Tuesday, February 12, 2013

Here We Go At 2:00 AM!!!

Believe it or not I am up!  Maybe it is because I slept all afternoon after I got home from the Dr. and then I fell asleep again at 9:00 and went to bed at 10:30!  Anyway we'll see how far I get before I get sleepy, so let's go!

Friday I had a good day and was very proud on how I recovered so quickly from the binge and relished in the thoughts of what Kathy had taught me.  I would have never tried to just go back to doing what I needed to do with out her pushing.  I'm telling you it works!

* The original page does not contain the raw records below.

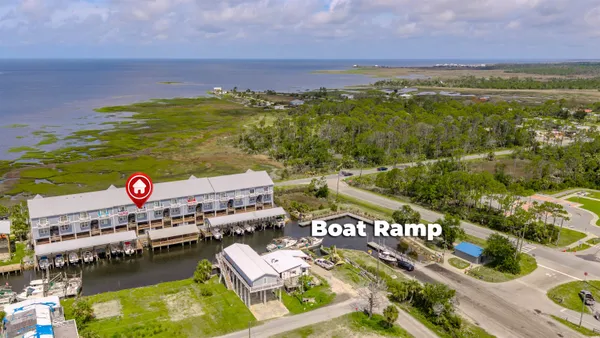 $549,900 | 20360 Keaton Beach Drive, Perry, FL 32348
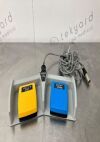 CONMED LINVATEC 971-SWNOM-Conmed Conmed Monopolar Footpedal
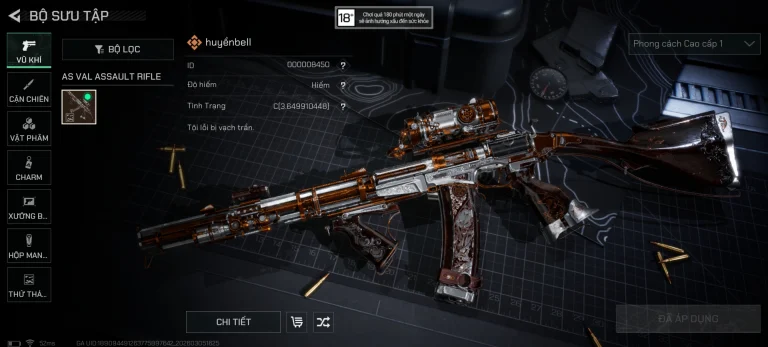 acc-chien-dich-vip-tren-350m-xu-5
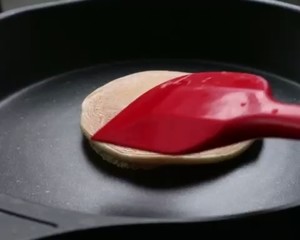 Muffins/pancake recipe
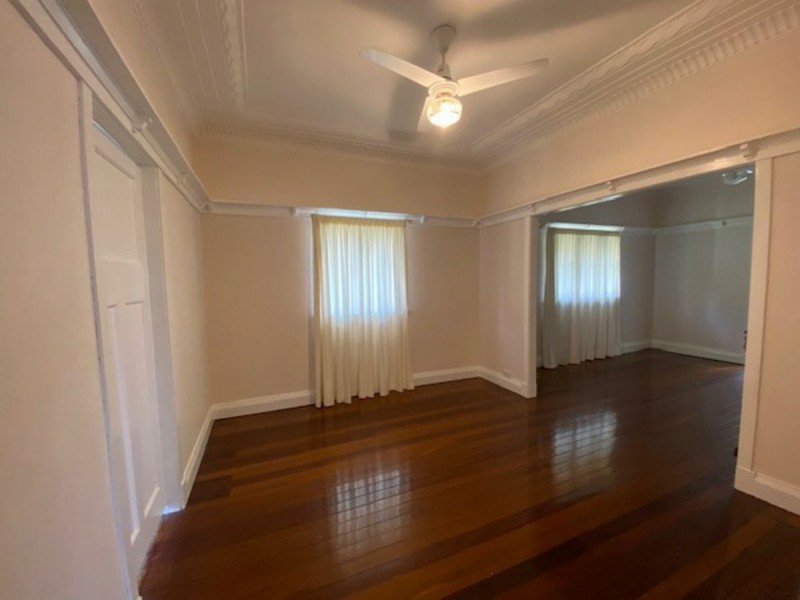 28 Edward street, Wondai QLD 4606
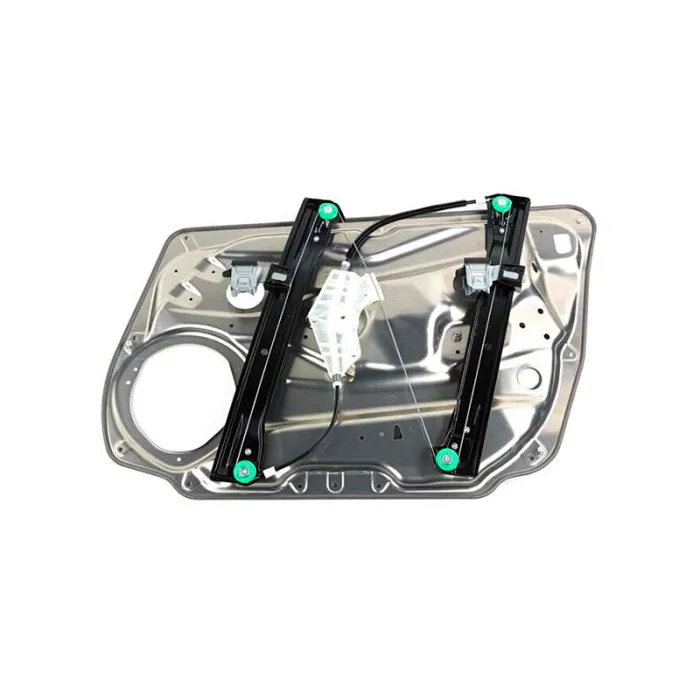 5N0837461 Window Regulator for VW TIGUAN (5N_)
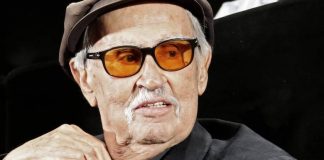 Ταβιάνι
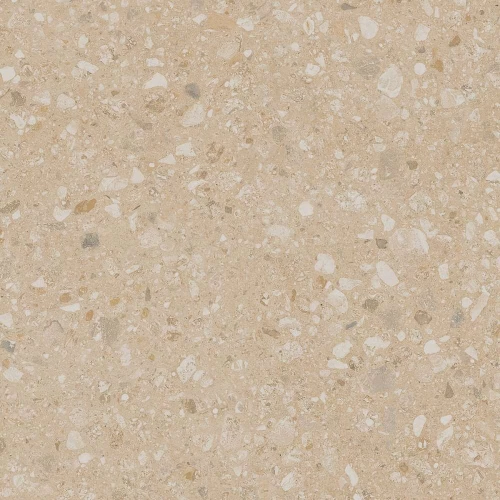 Керамогранит Estima Jasper JP02 Неполированный 68863 40,5х40,5х0,8 см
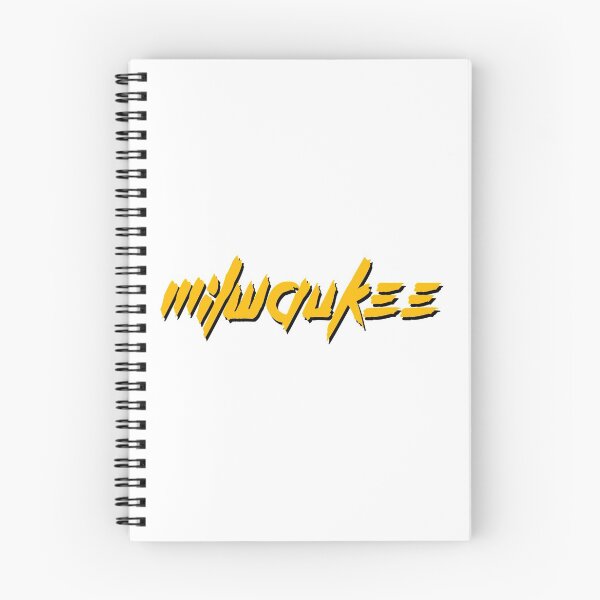 Item preview, University of Wisconsin Milwaukee  designed and sold by kkosmicki.
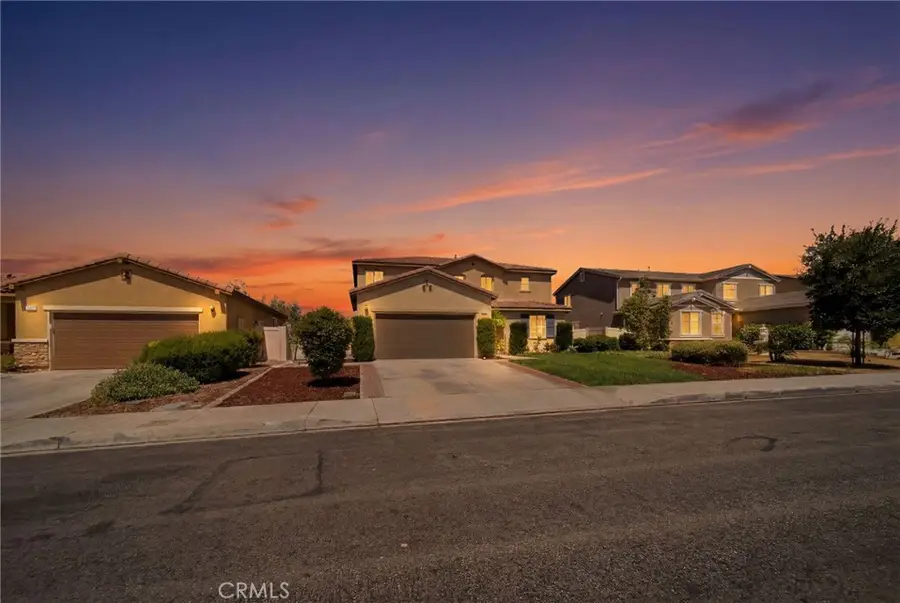1198 Venice, Mentone, CA 92359 - #2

Saturday was pretty much a lazy day around here and we didn't really do all that much during the day and I did keep on my eating schedule and I ate well and Mark and I both wanted to go out and have a margarita and fajitas Saturday night.  For the first time in a long time I didn't have this fear of going to eat mexican food well up in my body or did I have the thoughts of "Oh No!  I'm fixing to be so bad!"  We went and we ordered our Fajitas for Two, Mark had a margarita and I decided that I really didn't want one so I had a diet coke.  We didn't order queso so we enjoyed some chips and salsa.  It was the first time that I really slowed down and wasn't cramming chips in my mouth as fast as I could.  I guess I had about 8 chips and our dinner came.  I fixed me a chicken fajita first with grilled onions, guacamole and some pico de gallo and I enjoyed it so much.  It tasted really great.  I then ate some of my charro beans and tasted my rice and then I fixed a beef fajita and put the same things on it.  It was really good as well.  After the beef fajita I was done, I was tired of the taste and I was just satisfied with what I had and enjoyed every bit of it.  Mark ate chips, cleaned out his beans and rice and ate 4 fajitas.  I thought I was going to get sick watching him remembering that I use to keep right up with him and would get mad at him in my mind because he always put more meat on his fajita that I would and I was always in a panic that there was not going to be enough for me to have four!  How crazy was that?!!!!!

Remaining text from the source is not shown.